I just read an article on an alternative news site titled, “Religion is important to understand.” The author has noticed that under obfuscating theological jargon, the religions of all humans have many things in common. I have noticed this, too. He lists several possible ‘explanations’ for the existence of this phenomenon, but leaves one out: There is a God to whom humans yearn to connect.
“That can’t be it!” the Enlightenment Man quickly responds. Yet the Enlightenment Man, if he can overcome his anti-religious bias, must admit that it is impossible to prove otherwise. Therefore it is possible that a God exists to whom humans yearn to connect.
At this point atheists (and I used to be one) will usually start listing everything that is wrong with the world as evidence that God does not exist. The list is made up, almost entirely, of evil things that humans do to each other. On Twitter last night, an atheist posted a picture of a tearful little girl with the caption: “I am better than your God because I would prevent the rape of children if I could.” Several fellow-travelers approved that message. I said, “Blame the rapist.” I mean, if there is no God, as you claim, then the rapist is solely to blame and what are you doing-right now in this godless world-to prevent the rape of children?
Richard Dawkins, leader of a worldwide anti-religion cult, is only doing half the job. He launches blistering attacks, Thesaurus on his knee, against the Christian’s God. His comments on Islam are very mild. He says he doesn’t know much about Islam. He doesn’t know much about Christianity, either, but that doesn’t stop him. Why then does he not attack Islam with his customary aggression?
Political correctness? Doesn’t want to be labeled an Islamaphobe? Or does he simply not want to be assassinated? Christians are a soft target; attacking them is like attacking a small child. They will turn the other cheek when attacked, while some Muslims will promptly take you out and Dawkins knows it.
The position that science is infallible, the source of all truth and that it will one day save us-is a religious belief. Science functions under the Induction Fallacy: If a thing has happened over and over, it will always happen that way. Although it is a fallacy, science presses on and it all works out pretty well in the end. But just a drop of humility is appropriate here, yes?
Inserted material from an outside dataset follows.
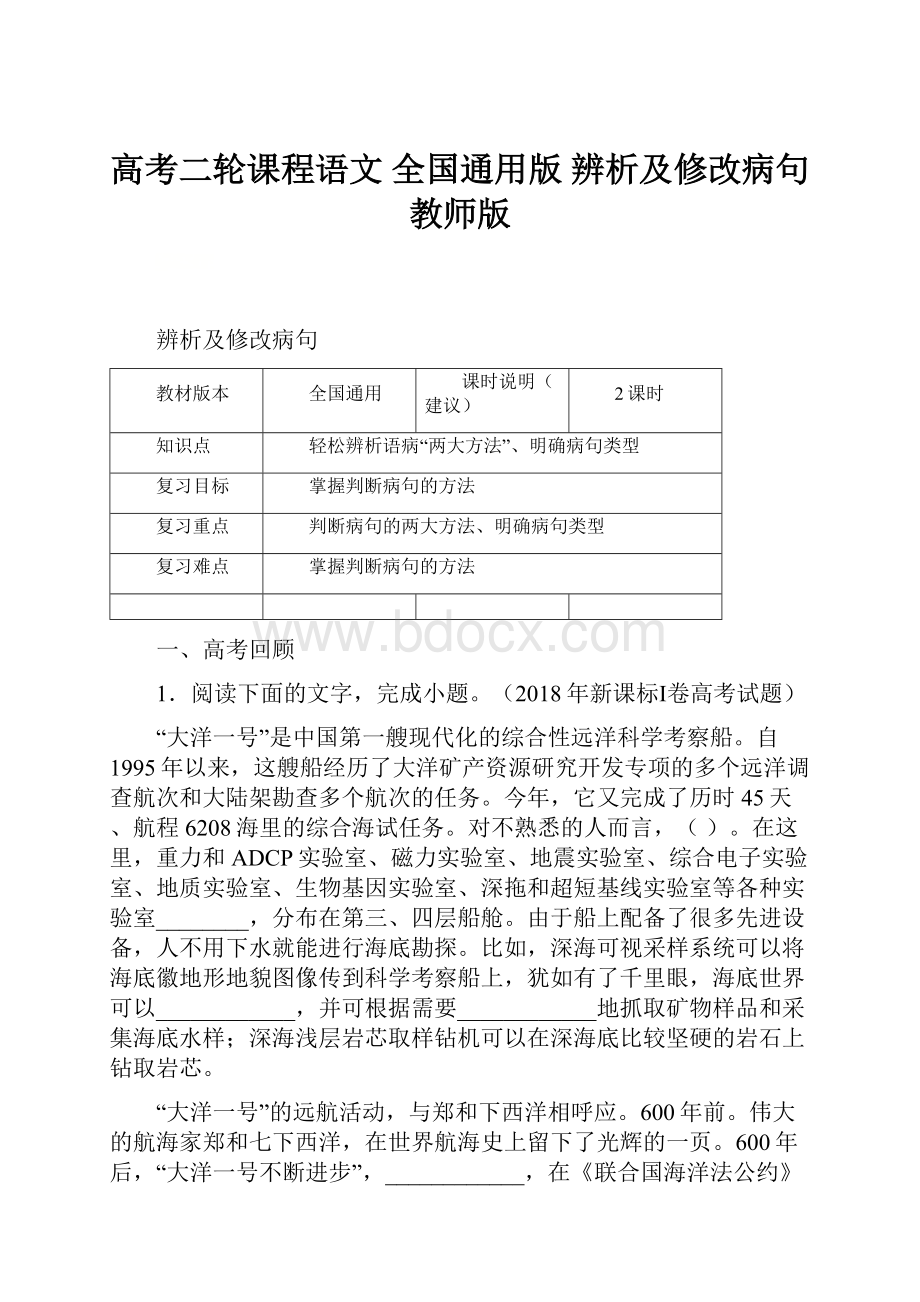 高考二轮课程语文 全国通用版 辨析及修改病句 教师版.docx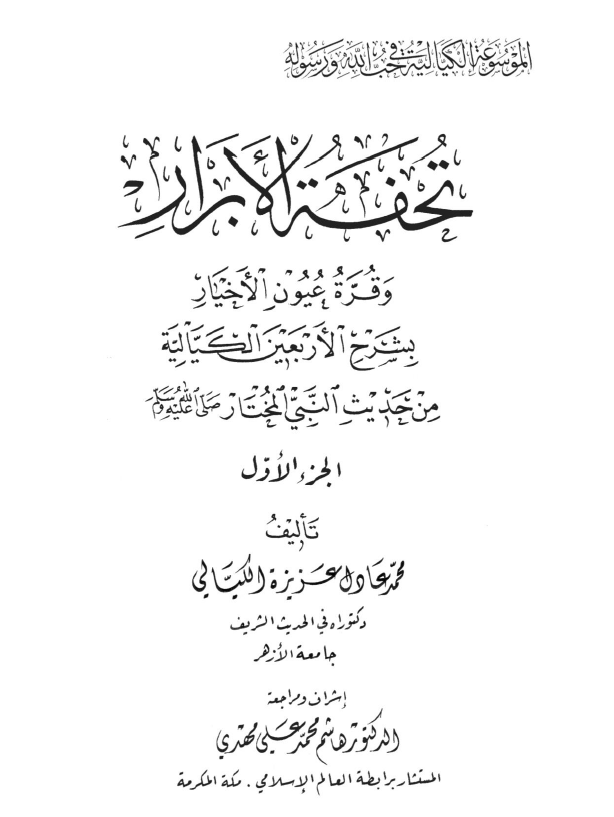 الموسوعة الكيالية في حب الله ورسوله - المجلد الثالث- تحفة الأبرار وقرة عيون الأخيار بشرح الأربعين الكيالية من حديث النبي المختار الجزء الأول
For those addicted to Reason, I offer a tidbit for consideration: Occam’s Razor: “If there are multiple possible explanations for an event or result, the simplest is almost always correct.” The simplest explanation for the ubiquity and persistence of the human concept of God is that there is a God to whom humans yearn to connect.
If we were merely evolved apes, where would we even get the idea that the world is unjust? Do baboons sit on the savannah munching grubs and ponder this? It has no survival value-in fact, humans have been known to lay down their lives fighting for justice.
No, we are more than grub-munchers-we seek love, we treasure truth, we might even cry when overwhelmed by the beauty of the London Symphony Orchestra; like I did, much to my embarrassment-but guess what? I looked around and wet cheeks glistened all over the auditorium.
THAT is the spiritual impulse. THAT is not going away.